What is the flaw in this proof that all triangles are isosceles?

First off, the other two answers here are wrong because you can prove the statement using the same flaw if P was outside the triangle. The proof using the same flaw but done in the outside of the triangle is here: [https://www.youtube.com/watch?v=Yajonhixy4g][1]

The video clearly does this proof with P on the outside. If P were on the segments of the triangle, then the proof will still hold because triangle AEP will be congruent to triangle AFP by SAA (shared sides, bisected angles, 90 degree angles). You know that P and D are the same points because the definition of P is where the perpendicular bisector meets the bisector of the opposite angle, and provided the case where P's on BC, it can only possibly be a triangle if P and D are on the same place. D is the bisector of BC, so so is P. EP = FP because we proved that AEP = AFP. BP = CP because P bisects and is between BC. Since EBP and FCP are right triangles and the Hypotenuse and one of the legs are congruent, we have triangle EBP is congruent to triangle FCP. From here, basic elementary algebra can be use to prove AB = AC.
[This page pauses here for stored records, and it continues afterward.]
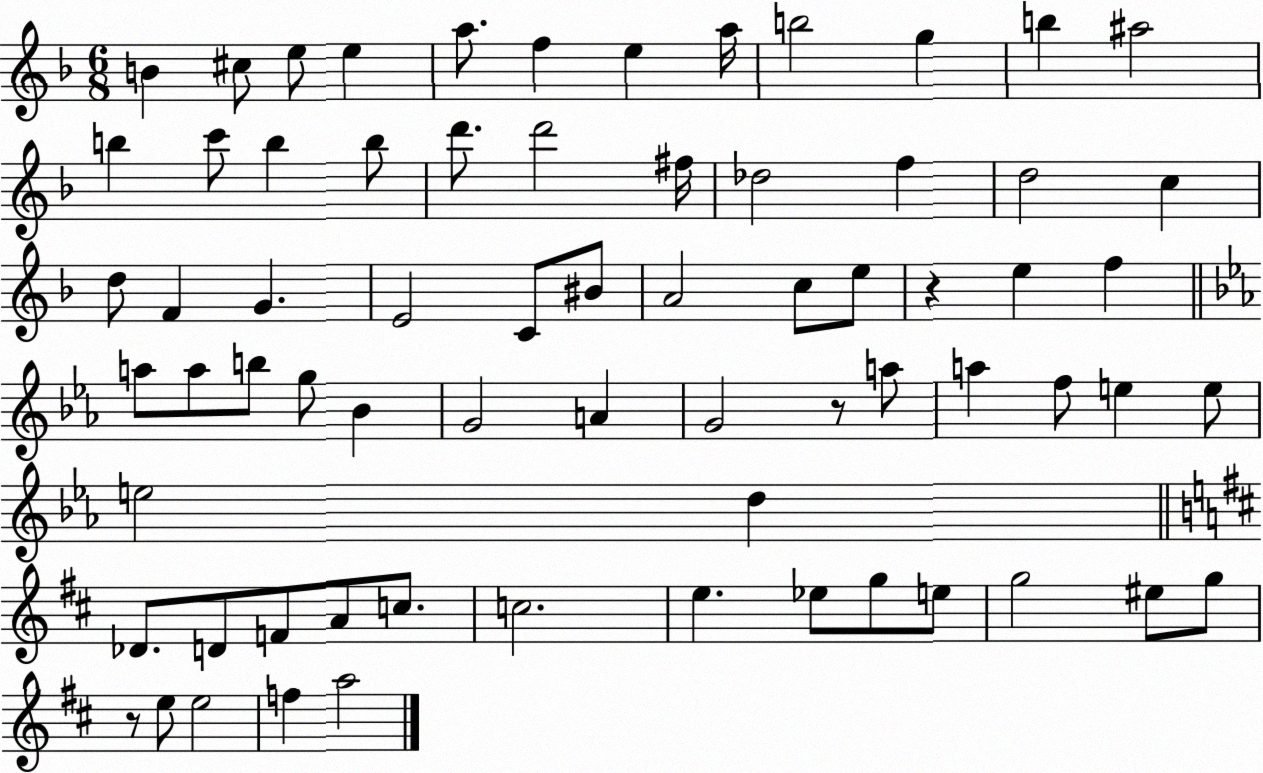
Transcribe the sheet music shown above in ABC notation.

X:1
T:Untitled
M:6/8
L:1/4
K:F
B ^c/2 e/2 e a/2 f e a/4 b2 g b ^a2 b c'/2 b b/2 d'/2 d'2 ^f/4 _d2 f d2 c d/2 F G E2 C/2 ^B/2 A2 c/2 e/2 z e f a/2 a/2 b/2 g/2 _B G2 A G2 z/2 a/2 a f/2 e e/2 e2 d _D/2 D/2 F/2 A/2 c/2 c2 e _e/2 g/2 e/2 g2 ^e/2 g/2 z/2 e/2 e2 f a2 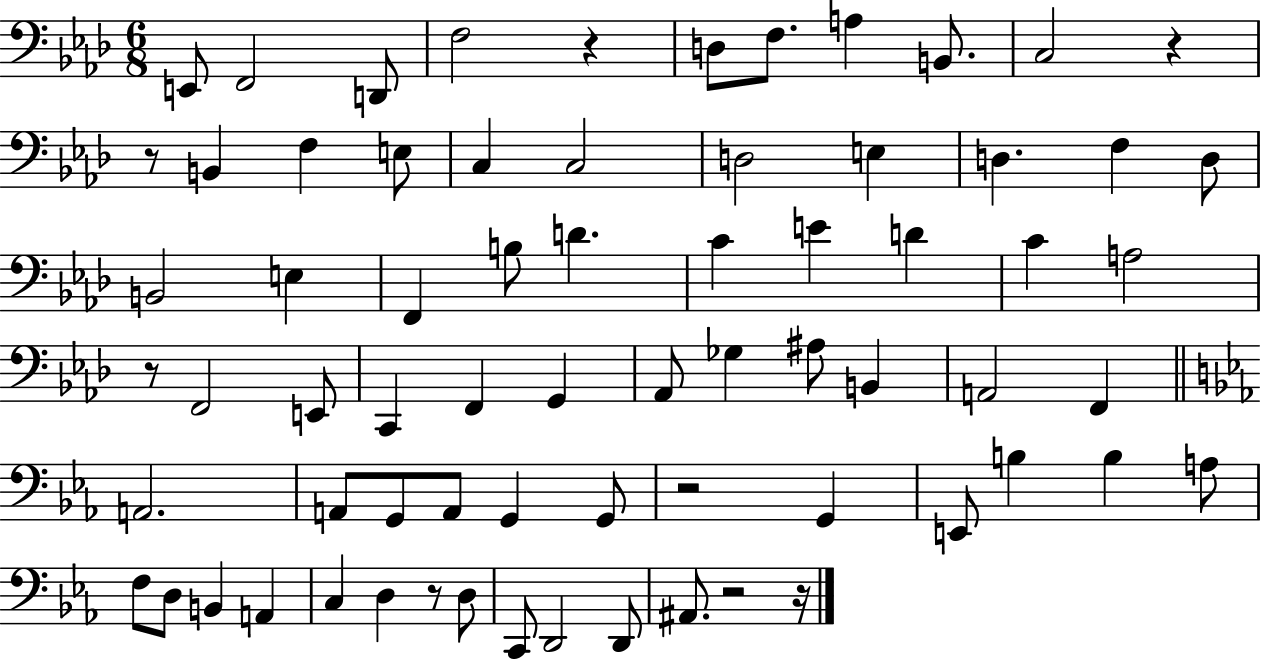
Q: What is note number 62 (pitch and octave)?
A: A#2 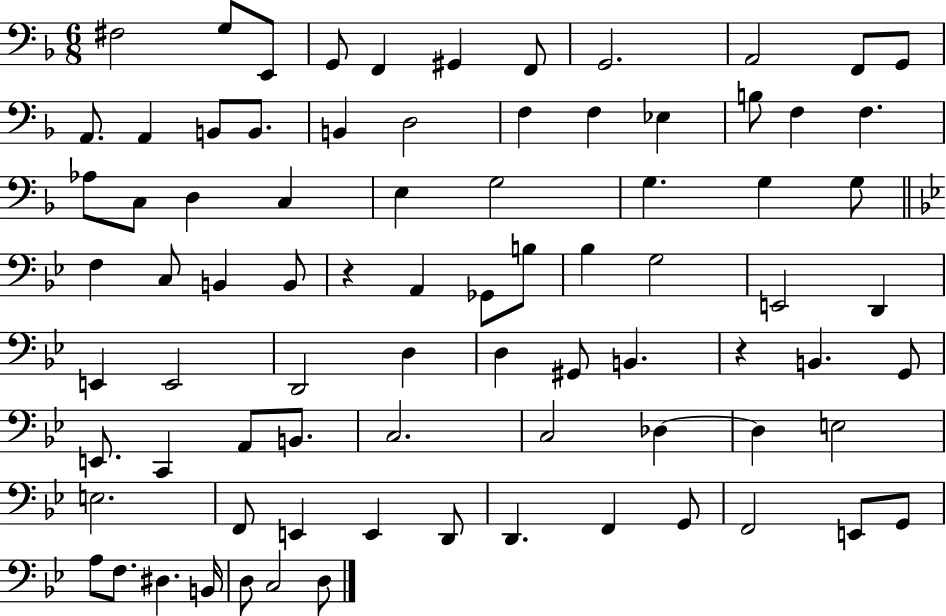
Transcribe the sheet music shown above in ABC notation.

X:1
T:Untitled
M:6/8
L:1/4
K:F
^F,2 G,/2 E,,/2 G,,/2 F,, ^G,, F,,/2 G,,2 A,,2 F,,/2 G,,/2 A,,/2 A,, B,,/2 B,,/2 B,, D,2 F, F, _E, B,/2 F, F, _A,/2 C,/2 D, C, E, G,2 G, G, G,/2 F, C,/2 B,, B,,/2 z A,, _G,,/2 B,/2 _B, G,2 E,,2 D,, E,, E,,2 D,,2 D, D, ^G,,/2 B,, z B,, G,,/2 E,,/2 C,, A,,/2 B,,/2 C,2 C,2 _D, _D, E,2 E,2 F,,/2 E,, E,, D,,/2 D,, F,, G,,/2 F,,2 E,,/2 G,,/2 A,/2 F,/2 ^D, B,,/4 D,/2 C,2 D,/2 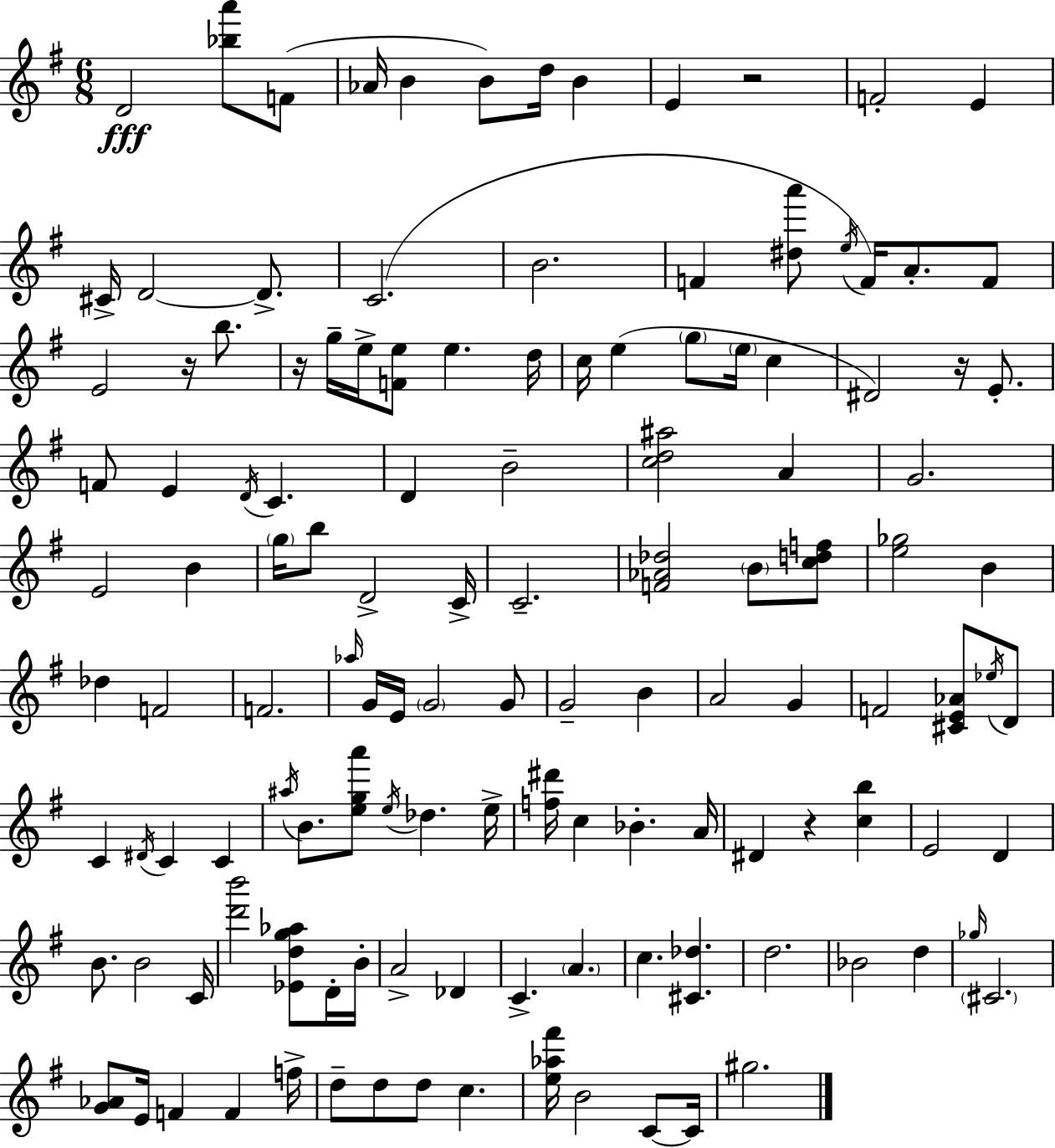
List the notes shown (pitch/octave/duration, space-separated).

D4/h [Bb5,A6]/e F4/e Ab4/s B4/q B4/e D5/s B4/q E4/q R/h F4/h E4/q C#4/s D4/h D4/e. C4/h. B4/h. F4/q [D#5,A6]/e E5/s F4/s A4/e. F4/e E4/h R/s B5/e. R/s G5/s E5/s [F4,E5]/e E5/q. D5/s C5/s E5/q G5/e E5/s C5/q D#4/h R/s E4/e. F4/e E4/q D4/s C4/q. D4/q B4/h [C5,D5,A#5]/h A4/q G4/h. E4/h B4/q G5/s B5/e D4/h C4/s C4/h. [F4,Ab4,Db5]/h B4/e [C5,D5,F5]/e [E5,Gb5]/h B4/q Db5/q F4/h F4/h. Ab5/s G4/s E4/s G4/h G4/e G4/h B4/q A4/h G4/q F4/h [C#4,E4,Ab4]/e Eb5/s D4/e C4/q D#4/s C4/q C4/q A#5/s B4/e. [E5,G5,A6]/e E5/s Db5/q. E5/s [F5,D#6]/s C5/q Bb4/q. A4/s D#4/q R/q [C5,B5]/q E4/h D4/q B4/e. B4/h C4/s [D6,B6]/h [Eb4,D5,G5,Ab5]/e D4/s B4/s A4/h Db4/q C4/q. A4/q. C5/q. [C#4,Db5]/q. D5/h. Bb4/h D5/q Gb5/s C#4/h. [G4,Ab4]/e E4/s F4/q F4/q F5/s D5/e D5/e D5/e C5/q. [E5,Ab5,F#6]/s B4/h C4/e C4/s G#5/h. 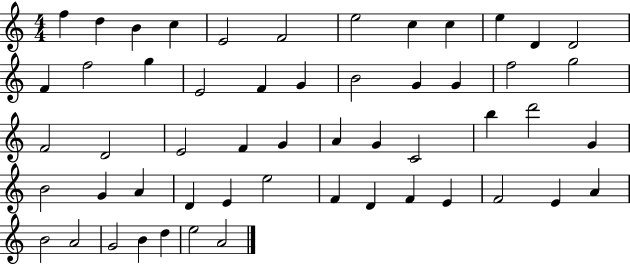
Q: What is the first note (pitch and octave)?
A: F5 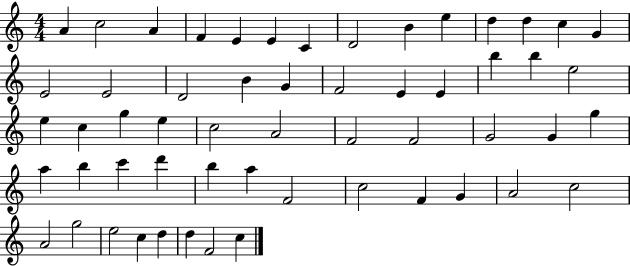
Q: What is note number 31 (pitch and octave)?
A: A4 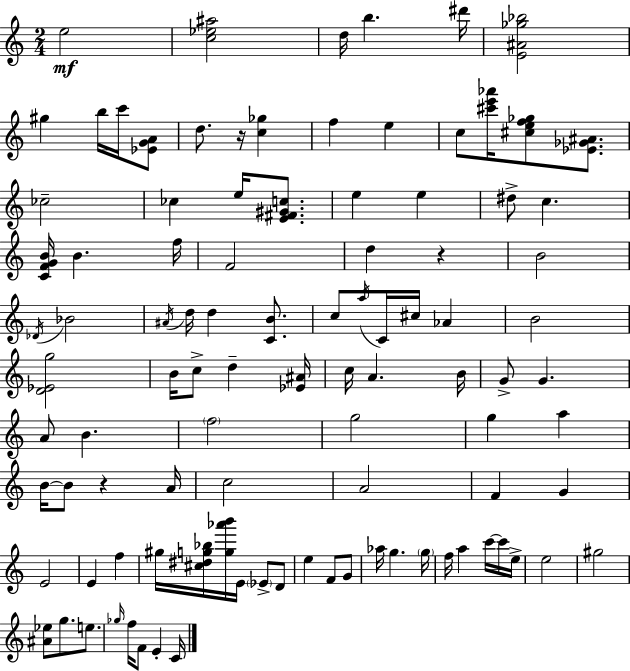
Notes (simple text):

E5/h [C5,Eb5,A#5]/h D5/s B5/q. D#6/s [E4,A#4,Gb5,Bb5]/h G#5/q B5/s C6/s [Eb4,G4,A4]/e D5/e. R/s [C5,Gb5]/q F5/q E5/q C5/e [C#6,E6,Ab6]/s [C#5,E5,F5,Gb5]/e [Eb4,Gb4,A#4]/e. CES5/h CES5/q E5/s [E4,F#4,G#4,C5]/e. E5/q E5/q D#5/e C5/q. [C4,F4,G4,B4]/s B4/q. F5/s F4/h D5/q R/q B4/h Db4/s Bb4/h A#4/s D5/s D5/q [C4,B4]/e. C5/e A5/s C4/s C#5/s Ab4/q B4/h [D4,Eb4,G5]/h B4/s C5/e D5/q [Eb4,A#4]/s C5/s A4/q. B4/s G4/e G4/q. A4/e B4/q. F5/h G5/h G5/q A5/q B4/s B4/e R/q A4/s C5/h A4/h F4/q G4/q E4/h E4/q F5/q G#5/s [C#5,D#5,G5,Bb5]/s [G5,Ab6,B6]/s E4/s Eb4/e D4/e E5/q F4/e G4/e Ab5/s G5/q. G5/s F5/s A5/q C6/s C6/s E5/s E5/h G#5/h [A#4,Eb5]/e G5/e. E5/e. Gb5/s F5/s F4/e E4/q C4/s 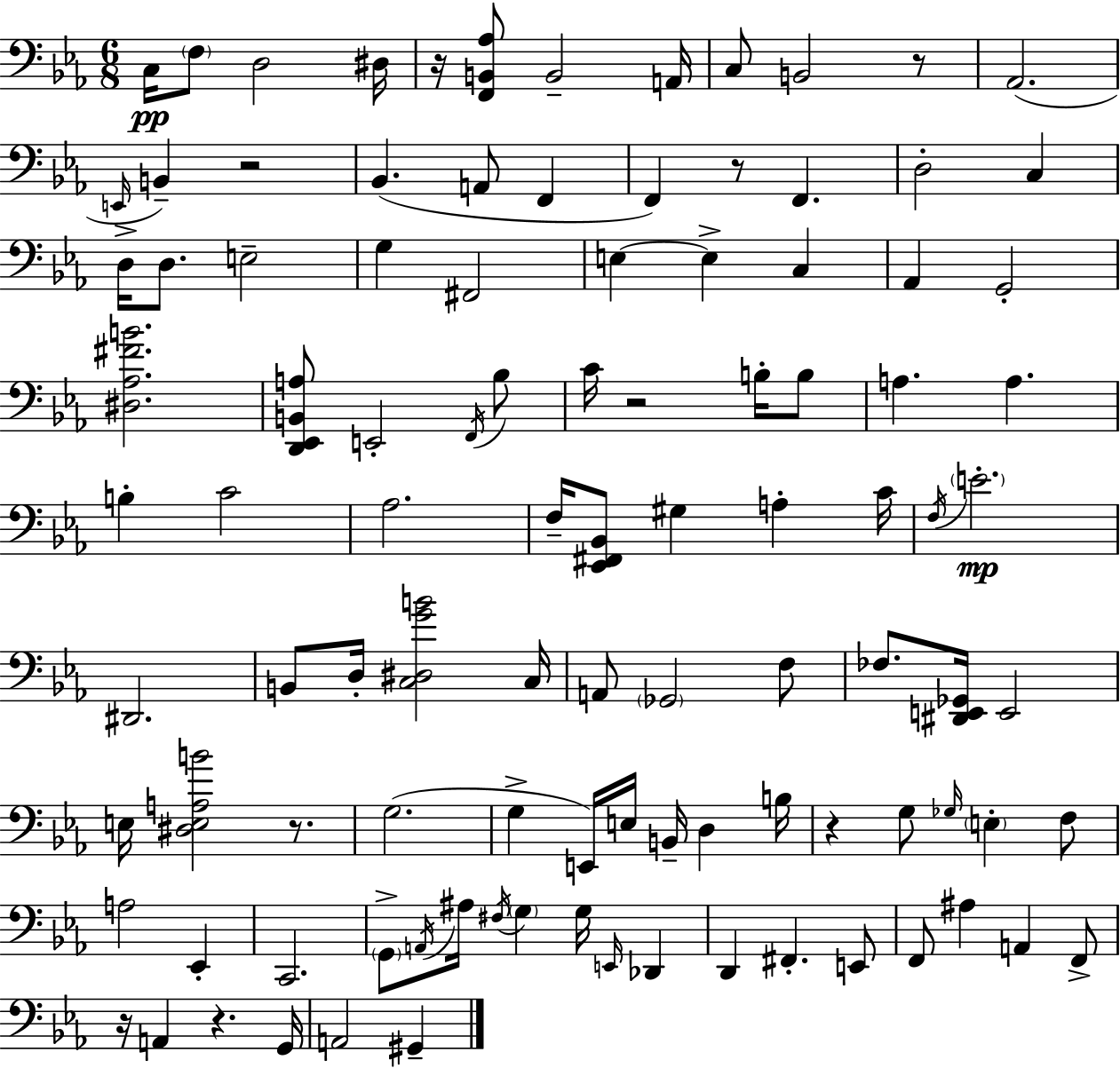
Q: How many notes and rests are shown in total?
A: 104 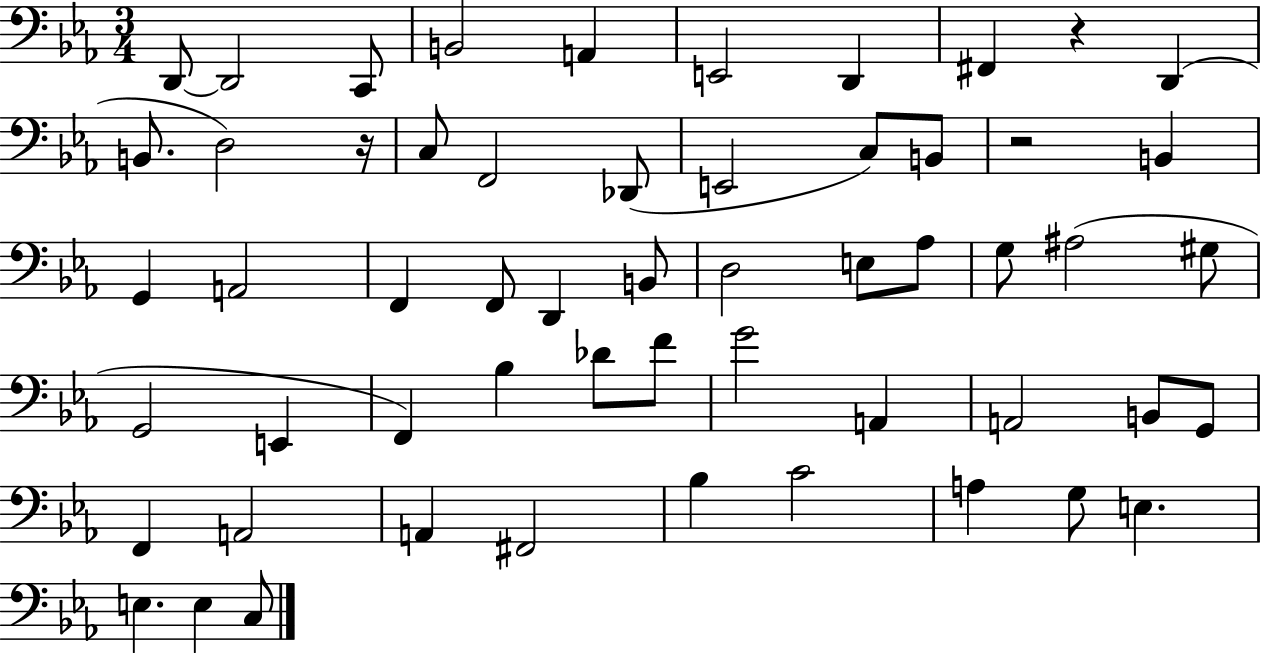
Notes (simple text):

D2/e D2/h C2/e B2/h A2/q E2/h D2/q F#2/q R/q D2/q B2/e. D3/h R/s C3/e F2/h Db2/e E2/h C3/e B2/e R/h B2/q G2/q A2/h F2/q F2/e D2/q B2/e D3/h E3/e Ab3/e G3/e A#3/h G#3/e G2/h E2/q F2/q Bb3/q Db4/e F4/e G4/h A2/q A2/h B2/e G2/e F2/q A2/h A2/q F#2/h Bb3/q C4/h A3/q G3/e E3/q. E3/q. E3/q C3/e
So, what is wrong with this proof? The answer is betweenness. Every single one of these proofs rely on a certain order of points your drawing above should be:

We still have AE=AF, PE=PF, and PB=PC, and it's still true that BE=FC, but AB=AC is not true. This is because F is still between A and C, but E is not between A and B. Since E is not between A and B, SAA does not follow, and neither does SAS for this particular case.


The problem is that the perpendicular and the bisector do not intersect inside the triangle, as the picture erroneously suggests. In fact, this fallacy is a proof by contradiction that for non-isosceles triangles the intersection point $P$ is necessarily outside of the triangle.

Ravi Vakil quipped that "geometry is the art of drawing correct conclusions from incorrect pictures". The reason it works is because most geometric arguments are insensitive to many distortions, for instance the fallacy argument works as long as we move the point $P$ inside the triangle. But there are thresholds that once crossed change the picture qualitatively. This is why many arguments are split into cases. Missing a case produces fallacies, for instance forgetting that the radius of the circumscribed circle can lie outside of a triangle leads to a "proof" that in any triangle all angles are acute, and the radius is shorter than the longest side.


If the drawing is made correctly, $P$ needs to be outside, but not too outside, the triangle. If it is far outside, $E$ is on the extension of $AB$ and $F$ is on the extension of $AC$, two plus signs in the argument change to minus signs, and the argument goes through. If $P$ is not too far outside, $E$ is on the extension of $AB$, $F$ is still between $A$ and $C$ (or the other way around), one plus becomes a minus, and the argument fails.